Também foi em Pato Branco que ouvi pela primeira vez a magnífica, F come femme, de Salvatore Adamo e que era tema do casal protagonista da novela Beto Rockefeler, de Dias Gomes, exibida no final dos anos 60, pela extinta Rede Tupi de Televisão. Também foi em PB que ouvi pela primeira vez, Je t’aime moi non plus, de Serge Gainsbourg, com o próprio autor e com Jane Birkin, então sua mulher e musa. O disco é de 1969 e sua venda e radiodifusão foi proibida no Brasil logo após seu lançamento, com os discos remanescentes sendo retirados das lojas. Com o endurecimento da ditadura após a edição do AI 5, em 13 de dezembro de 1968 a censura caiu ainda mais pesada sobre a arte, com a proibição de não apenas filmes, peças de teatro, livros e música que continham crítica social ou política, como em tudo que o conservadorismo obtuso e anacrônico dos generais e suas mulheres que passaram a interferir naquilo que segundo elas afrontava a moral e os bons costumes. Essa insanidade, recentemente, adotada por Bolsonaro, Deus, pátria e família, remonta ao Estado Novo, implantado pelo tirano Getúlio Vargas de 1937 a 1945, e que foi copiada do fascismo de Benito Mussolini e que voltaria com força nos anos de chumbo da ditadura militar, cuja longa noite de trevas duraria de 1964 a 1985.
Após o disco do casal francês ter sido retirado das lojas e proibido de tocar nas rádios, o jornal O Pasquim, em mais uma de suas grandes sacadas, lançou o compacto contendo Je t’aime moi non plus, no lado A e Jane B, com letra de Gainsbourg colocada na maravilhosa Prelúdio número 4 em mi menor, de Chopin.
O jornal circulou e com ele o disco, numa genial sacada que driblou a censura. Claro que tanto a edição do jornal, como o disco, foram retirados das bancas, mas mesmo assim Jane comprou o jornal e tinha o disco. Os milicos podiam retirá-lo das bancas, mas era impossível confiscá-lo de quem o havia comprado.

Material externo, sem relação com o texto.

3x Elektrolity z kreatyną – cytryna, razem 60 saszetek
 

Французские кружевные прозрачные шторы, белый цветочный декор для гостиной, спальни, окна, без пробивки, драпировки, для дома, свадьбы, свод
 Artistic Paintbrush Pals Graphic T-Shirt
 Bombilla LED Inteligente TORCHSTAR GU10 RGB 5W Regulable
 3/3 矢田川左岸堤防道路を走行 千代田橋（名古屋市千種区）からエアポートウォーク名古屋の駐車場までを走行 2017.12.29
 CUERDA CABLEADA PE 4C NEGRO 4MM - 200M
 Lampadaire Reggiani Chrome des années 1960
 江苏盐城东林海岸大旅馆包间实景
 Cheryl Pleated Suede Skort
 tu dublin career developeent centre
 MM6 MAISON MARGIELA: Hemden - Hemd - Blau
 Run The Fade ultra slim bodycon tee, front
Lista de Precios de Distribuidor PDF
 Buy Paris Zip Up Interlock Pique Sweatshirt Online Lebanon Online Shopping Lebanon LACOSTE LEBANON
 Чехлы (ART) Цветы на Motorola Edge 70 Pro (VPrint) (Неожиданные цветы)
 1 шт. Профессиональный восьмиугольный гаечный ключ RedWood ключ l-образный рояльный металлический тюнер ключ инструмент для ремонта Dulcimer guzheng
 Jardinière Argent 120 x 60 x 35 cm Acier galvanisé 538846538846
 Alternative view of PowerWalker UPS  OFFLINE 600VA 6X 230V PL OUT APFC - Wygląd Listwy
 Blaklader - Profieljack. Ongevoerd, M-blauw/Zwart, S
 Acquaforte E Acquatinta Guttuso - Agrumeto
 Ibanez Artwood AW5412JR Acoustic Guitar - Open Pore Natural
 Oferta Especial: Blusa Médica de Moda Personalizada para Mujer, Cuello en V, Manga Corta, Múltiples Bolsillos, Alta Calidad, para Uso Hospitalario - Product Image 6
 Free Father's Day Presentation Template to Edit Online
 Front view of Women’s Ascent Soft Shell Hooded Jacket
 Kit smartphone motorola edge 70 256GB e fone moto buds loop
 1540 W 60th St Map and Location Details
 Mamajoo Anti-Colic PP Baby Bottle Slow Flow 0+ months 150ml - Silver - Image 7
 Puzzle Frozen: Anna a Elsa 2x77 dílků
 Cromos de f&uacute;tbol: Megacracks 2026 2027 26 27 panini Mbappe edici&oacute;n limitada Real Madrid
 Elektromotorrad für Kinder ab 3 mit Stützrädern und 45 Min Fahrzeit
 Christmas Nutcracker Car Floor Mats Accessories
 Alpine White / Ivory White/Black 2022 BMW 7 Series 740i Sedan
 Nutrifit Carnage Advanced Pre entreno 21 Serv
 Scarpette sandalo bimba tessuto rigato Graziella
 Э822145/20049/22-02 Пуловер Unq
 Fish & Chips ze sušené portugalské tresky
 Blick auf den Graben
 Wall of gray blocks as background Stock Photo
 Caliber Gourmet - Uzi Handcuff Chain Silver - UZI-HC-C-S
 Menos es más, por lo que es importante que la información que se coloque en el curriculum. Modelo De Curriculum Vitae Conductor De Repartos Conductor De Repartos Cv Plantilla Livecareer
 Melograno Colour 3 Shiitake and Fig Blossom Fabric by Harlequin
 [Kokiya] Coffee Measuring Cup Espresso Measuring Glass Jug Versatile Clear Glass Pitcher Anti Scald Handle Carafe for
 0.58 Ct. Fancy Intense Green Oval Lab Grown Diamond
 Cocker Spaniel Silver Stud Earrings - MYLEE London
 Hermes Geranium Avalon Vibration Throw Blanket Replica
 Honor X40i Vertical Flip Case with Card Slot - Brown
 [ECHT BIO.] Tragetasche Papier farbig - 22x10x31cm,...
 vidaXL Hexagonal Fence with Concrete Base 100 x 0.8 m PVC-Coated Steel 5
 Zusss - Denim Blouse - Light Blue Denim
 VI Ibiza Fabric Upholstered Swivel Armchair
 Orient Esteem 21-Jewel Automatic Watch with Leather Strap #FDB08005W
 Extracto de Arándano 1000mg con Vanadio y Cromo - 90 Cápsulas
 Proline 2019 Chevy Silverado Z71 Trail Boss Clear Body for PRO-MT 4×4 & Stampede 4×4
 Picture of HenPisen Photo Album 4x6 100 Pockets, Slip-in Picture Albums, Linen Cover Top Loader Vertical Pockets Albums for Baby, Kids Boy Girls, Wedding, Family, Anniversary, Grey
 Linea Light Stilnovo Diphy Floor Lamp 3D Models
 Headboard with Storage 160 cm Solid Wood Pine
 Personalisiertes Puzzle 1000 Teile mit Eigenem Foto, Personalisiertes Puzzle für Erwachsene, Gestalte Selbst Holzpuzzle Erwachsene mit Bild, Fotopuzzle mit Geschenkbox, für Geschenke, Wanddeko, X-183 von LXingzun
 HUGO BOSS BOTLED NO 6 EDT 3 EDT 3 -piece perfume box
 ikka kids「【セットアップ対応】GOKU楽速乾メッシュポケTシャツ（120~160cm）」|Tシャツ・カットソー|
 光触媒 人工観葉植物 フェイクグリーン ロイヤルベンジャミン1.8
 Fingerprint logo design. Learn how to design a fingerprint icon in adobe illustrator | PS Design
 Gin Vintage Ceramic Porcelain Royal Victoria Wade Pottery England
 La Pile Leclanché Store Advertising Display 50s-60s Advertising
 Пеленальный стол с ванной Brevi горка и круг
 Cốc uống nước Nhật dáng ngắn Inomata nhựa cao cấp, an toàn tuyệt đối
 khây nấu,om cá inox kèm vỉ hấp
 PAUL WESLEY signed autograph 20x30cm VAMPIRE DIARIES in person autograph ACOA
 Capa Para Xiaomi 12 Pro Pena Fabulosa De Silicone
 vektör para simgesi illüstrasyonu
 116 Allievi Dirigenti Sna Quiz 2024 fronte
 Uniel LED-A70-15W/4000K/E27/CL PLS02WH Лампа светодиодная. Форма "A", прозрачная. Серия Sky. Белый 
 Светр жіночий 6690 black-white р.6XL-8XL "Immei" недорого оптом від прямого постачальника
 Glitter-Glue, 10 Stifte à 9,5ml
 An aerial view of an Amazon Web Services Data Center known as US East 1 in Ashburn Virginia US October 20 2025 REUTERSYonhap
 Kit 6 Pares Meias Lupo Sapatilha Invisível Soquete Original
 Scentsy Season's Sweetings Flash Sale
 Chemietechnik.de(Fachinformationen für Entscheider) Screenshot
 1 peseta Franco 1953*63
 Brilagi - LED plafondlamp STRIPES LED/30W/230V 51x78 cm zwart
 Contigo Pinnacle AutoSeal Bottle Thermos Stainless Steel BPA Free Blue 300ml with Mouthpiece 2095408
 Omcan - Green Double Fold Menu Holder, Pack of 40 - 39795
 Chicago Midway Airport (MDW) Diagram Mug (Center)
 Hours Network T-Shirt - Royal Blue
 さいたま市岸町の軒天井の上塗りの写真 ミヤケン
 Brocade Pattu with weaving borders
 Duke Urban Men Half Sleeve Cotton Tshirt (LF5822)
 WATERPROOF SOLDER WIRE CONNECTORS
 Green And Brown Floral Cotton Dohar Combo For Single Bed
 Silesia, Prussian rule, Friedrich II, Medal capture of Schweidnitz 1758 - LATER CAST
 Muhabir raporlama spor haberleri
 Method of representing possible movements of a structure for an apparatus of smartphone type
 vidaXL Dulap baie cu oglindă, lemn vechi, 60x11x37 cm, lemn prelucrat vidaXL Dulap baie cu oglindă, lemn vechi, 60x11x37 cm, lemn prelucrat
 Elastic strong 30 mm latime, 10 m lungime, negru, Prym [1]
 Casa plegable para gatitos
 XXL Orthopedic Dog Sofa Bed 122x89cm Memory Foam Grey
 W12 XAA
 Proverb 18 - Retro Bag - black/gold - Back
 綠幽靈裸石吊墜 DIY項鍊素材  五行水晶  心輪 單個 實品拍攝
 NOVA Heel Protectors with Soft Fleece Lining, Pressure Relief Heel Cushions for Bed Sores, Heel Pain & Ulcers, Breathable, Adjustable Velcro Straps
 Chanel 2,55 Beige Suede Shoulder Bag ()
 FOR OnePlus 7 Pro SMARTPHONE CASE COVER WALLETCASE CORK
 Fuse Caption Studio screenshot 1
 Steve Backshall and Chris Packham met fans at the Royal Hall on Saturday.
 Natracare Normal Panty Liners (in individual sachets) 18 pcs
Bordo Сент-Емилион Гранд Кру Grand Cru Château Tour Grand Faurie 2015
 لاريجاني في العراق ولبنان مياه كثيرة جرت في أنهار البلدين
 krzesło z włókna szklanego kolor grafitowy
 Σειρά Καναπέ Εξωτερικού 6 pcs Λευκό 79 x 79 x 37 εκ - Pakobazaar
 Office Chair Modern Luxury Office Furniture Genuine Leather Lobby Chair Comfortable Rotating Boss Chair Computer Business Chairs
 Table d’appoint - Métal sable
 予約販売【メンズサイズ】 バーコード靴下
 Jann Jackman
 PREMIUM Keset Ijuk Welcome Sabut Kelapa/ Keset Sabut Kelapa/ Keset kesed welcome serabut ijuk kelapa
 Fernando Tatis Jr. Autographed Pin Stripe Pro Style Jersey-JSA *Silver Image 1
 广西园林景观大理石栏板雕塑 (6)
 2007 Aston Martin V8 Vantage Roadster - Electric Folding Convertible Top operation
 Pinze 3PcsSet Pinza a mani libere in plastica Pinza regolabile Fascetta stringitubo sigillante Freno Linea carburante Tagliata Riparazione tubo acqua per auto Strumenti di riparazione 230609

Foi também em Pato Branco que ouvi pela primeira a banda Barrabas, no emblemático álbum onde está Woman. Tanto o Barrabas, como o Black Sabbath me foram apresentados por outra de minhas primas, Rita de Cássia, que logo em seguida se renderia a Música Popular Brasileira.
Mas isso é conversa para outro dia. Até lá.
De qualquer forma sou, eternamente, grato a tia Lulu e às minhas primas Jane e Rita, que contribuíram, efetivamente, para o meu amor pela música.